Which is replacing this model I originally used: (5-25 volts, 4 amps, but again probably only good to 3 amps)

http://www.amazon.com/gp/product/B007RFMY1O/ref=oh_aui_search_detailpage?ie=UTF8&psc=1

There's some heavier duty knob types using screw terminals: (12-24v 8 amp)
http://www.amazon.com/Triangle-Bulbs-12-24V-Lights-Controller/dp/B00IYXGEEQ/ref=sr_1_2?ie=UTF8&qid=1426276370&sr=8-2&keywords=led+dimmer+12+24


There's also some hardwire ones out there that are RF controlled (5-24v 12amp)

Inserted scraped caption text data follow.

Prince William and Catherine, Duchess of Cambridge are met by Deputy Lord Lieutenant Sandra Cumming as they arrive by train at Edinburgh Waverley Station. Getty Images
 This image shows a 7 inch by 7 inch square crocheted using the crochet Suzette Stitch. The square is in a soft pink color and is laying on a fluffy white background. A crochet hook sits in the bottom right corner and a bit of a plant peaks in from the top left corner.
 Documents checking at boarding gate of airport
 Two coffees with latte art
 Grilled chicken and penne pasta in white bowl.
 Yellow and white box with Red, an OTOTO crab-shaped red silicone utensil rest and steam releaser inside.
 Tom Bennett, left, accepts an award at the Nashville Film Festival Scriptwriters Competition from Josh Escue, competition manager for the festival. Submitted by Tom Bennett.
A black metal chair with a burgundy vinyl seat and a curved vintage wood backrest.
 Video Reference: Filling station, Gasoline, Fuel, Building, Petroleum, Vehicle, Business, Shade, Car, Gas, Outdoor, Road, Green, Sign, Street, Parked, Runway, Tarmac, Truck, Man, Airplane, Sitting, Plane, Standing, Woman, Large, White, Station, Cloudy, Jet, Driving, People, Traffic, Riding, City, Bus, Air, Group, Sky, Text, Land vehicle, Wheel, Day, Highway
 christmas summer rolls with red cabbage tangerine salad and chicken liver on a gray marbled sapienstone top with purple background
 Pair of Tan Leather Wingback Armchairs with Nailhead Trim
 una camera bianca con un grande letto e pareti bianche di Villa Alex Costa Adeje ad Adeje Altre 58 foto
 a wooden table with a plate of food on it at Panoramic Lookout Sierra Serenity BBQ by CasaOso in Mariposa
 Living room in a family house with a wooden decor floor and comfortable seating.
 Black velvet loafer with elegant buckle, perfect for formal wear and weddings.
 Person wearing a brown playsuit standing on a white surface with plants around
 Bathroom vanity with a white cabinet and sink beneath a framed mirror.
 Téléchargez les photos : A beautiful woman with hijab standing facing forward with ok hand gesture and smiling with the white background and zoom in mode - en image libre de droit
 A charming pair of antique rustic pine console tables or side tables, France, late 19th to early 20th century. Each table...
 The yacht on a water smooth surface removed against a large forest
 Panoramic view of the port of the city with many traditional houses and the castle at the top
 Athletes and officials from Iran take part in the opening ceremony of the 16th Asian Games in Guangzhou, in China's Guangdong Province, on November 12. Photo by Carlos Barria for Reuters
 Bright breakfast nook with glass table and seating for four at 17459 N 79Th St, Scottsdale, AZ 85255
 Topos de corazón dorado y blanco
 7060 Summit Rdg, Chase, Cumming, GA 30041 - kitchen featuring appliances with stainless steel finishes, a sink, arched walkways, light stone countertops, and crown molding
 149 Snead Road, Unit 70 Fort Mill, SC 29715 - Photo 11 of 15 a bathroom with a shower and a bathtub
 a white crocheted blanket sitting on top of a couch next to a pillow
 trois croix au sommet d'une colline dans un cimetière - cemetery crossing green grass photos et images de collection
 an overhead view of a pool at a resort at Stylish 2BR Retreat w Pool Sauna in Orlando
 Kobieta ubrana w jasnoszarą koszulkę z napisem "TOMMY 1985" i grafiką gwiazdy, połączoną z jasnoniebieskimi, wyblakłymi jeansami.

Just beware a lot of these devices floating around Amazon have absurd current claims.. I think they're just basing them off what the can handle for 60 seconds without melting (ie: a short-term surge current) in some cases...


----------



## jeffkrol (Jun 5, 2013)

mattinmd said:


> There's quite a lot of LED dimmers out there.... I guess the real questions would be what kind of voltage and current do the beamswork fixtures run at?
> 
> I've recently been planning to convert my Finnex project to use an IR remote-control dimmer. It is suitable for 12-24 applications, and claims up to 6 amps, but I'd venture to guess is really shouldn't be run over 3.
> 
> ...


Beamsworks power supplies ar either 12,15, or 24V.. just an Fyi

Power output is based on watts of LED's..


----------